### EXERCISE REQUIREMENTS
Beginning with the line where "this 400×300 image." appears, restate each line word for word until the data ends. Pictures do not go in.

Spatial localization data
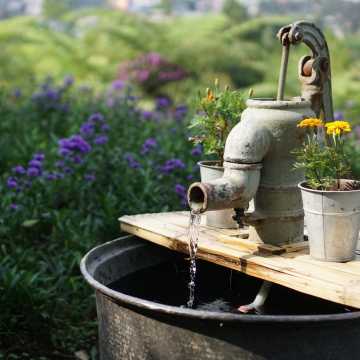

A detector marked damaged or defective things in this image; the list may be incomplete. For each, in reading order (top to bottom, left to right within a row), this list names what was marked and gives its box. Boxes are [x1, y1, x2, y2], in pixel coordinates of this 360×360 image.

rusty barrel rim [79, 238, 360, 324]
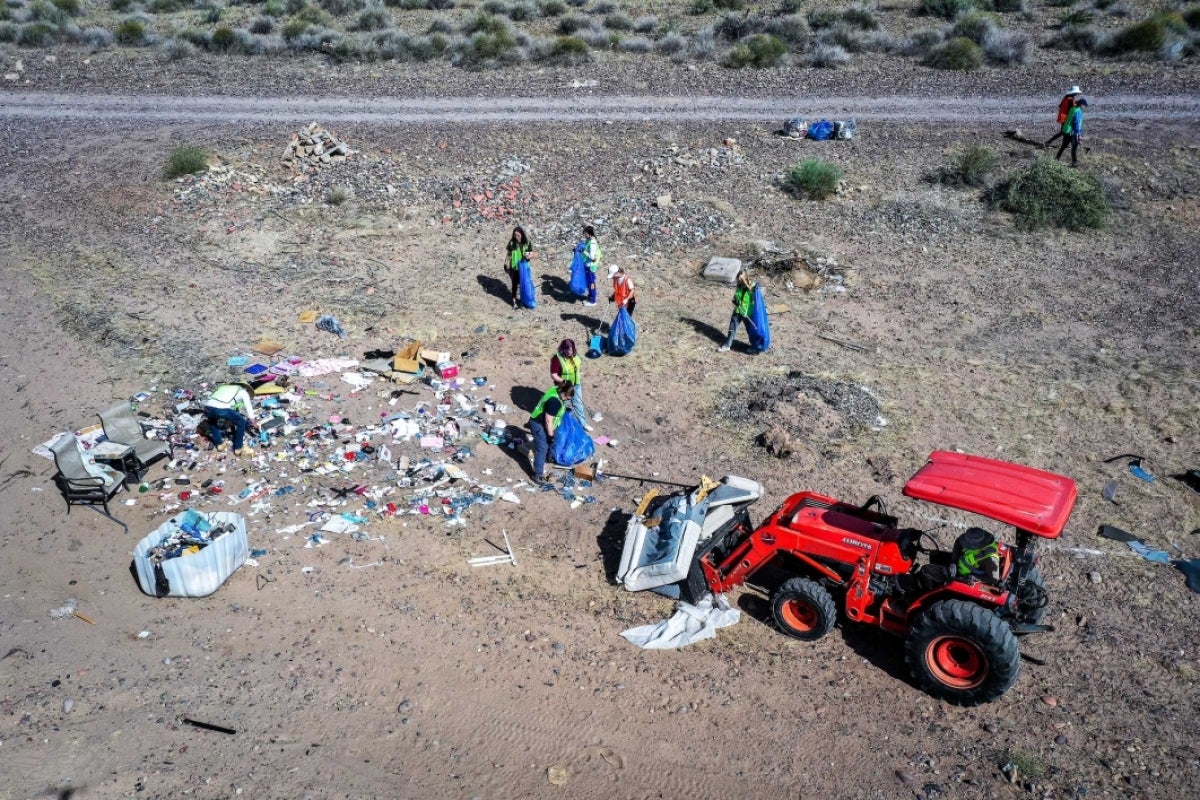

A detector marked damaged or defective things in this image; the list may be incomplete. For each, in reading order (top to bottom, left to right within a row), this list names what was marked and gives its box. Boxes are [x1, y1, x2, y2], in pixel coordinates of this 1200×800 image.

broken furniture [49, 432, 127, 520]
broken furniture [98, 398, 172, 476]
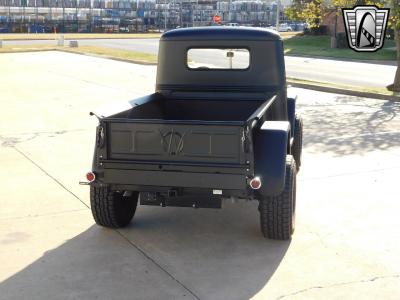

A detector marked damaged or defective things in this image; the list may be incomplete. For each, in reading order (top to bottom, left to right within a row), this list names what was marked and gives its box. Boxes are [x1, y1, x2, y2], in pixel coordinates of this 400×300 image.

pavement crack [12, 146, 90, 210]
pavement crack [115, 230, 202, 300]
pavement crack [276, 274, 398, 300]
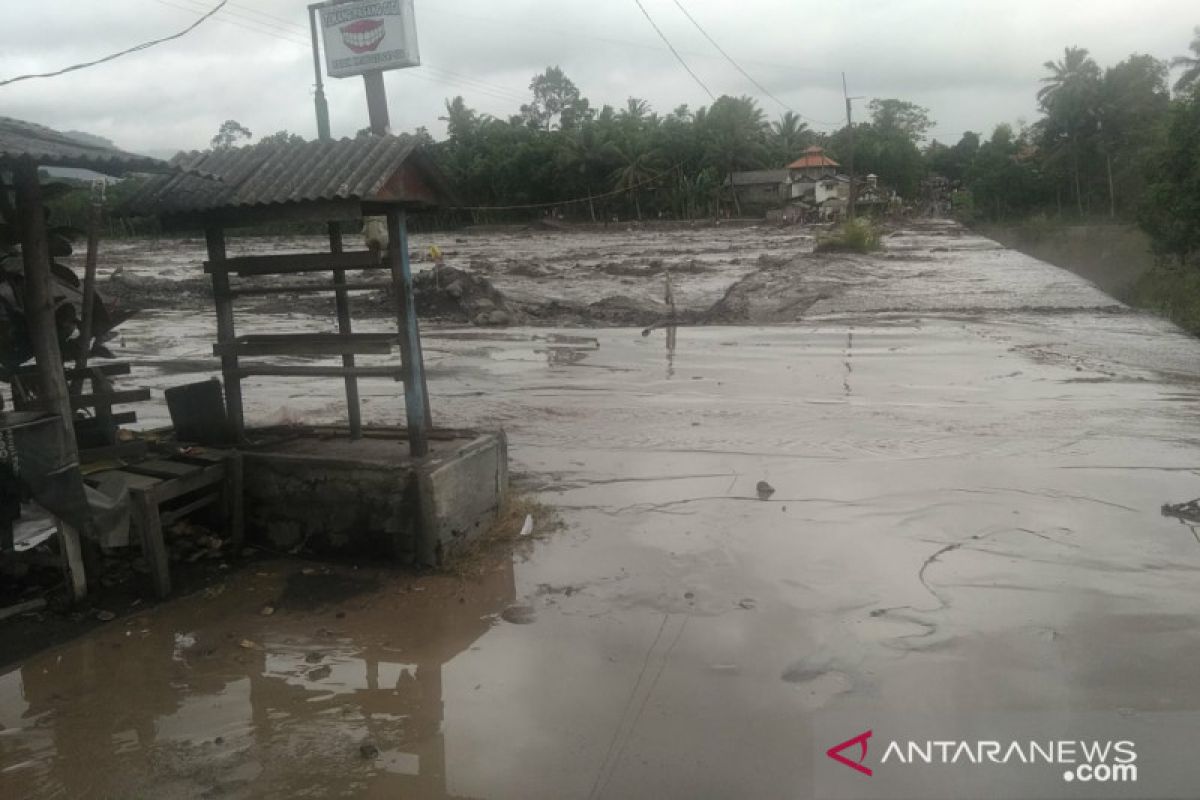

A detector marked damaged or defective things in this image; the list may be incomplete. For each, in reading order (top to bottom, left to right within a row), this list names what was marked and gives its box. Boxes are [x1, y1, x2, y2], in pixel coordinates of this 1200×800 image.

rusty corrugated sheet [0, 116, 177, 176]
rusty corrugated sheet [125, 134, 453, 215]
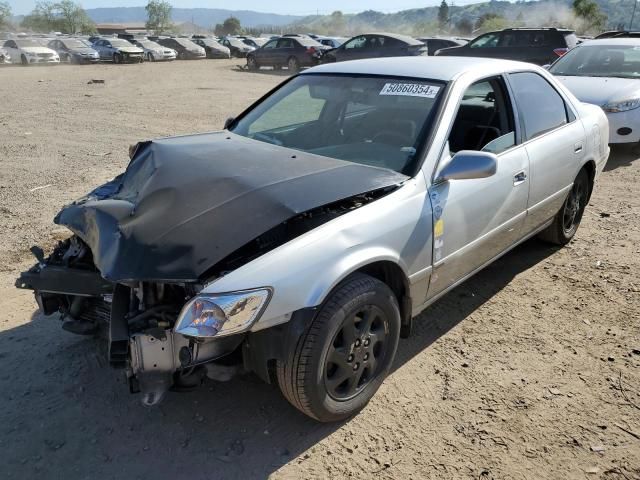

### RESPONSE TO THE TASK
A detector marked damaged or defective things in this image; the list may be incomplete. For each, in reading order (top to bottom, left to right within a row), this list names what was marked and gives its box. Boxes are [x1, y1, x2, y2], in pixel coordinates of this 400×300 image.

pavement crack [12, 146, 90, 210]
pavement crack [115, 230, 202, 300]
pavement crack [276, 274, 398, 300]

A detector marked damaged or defective things in this image; the list may be incomplete. For each, in reading order (top to bottom, left to right within a row), this list names what was marked and gives its box. Boxes are [x1, y1, x2, y2], in pixel coordinates of this 1200×800 image.

rusty corrugated sheet [0, 116, 177, 176]
rusty corrugated sheet [125, 134, 453, 215]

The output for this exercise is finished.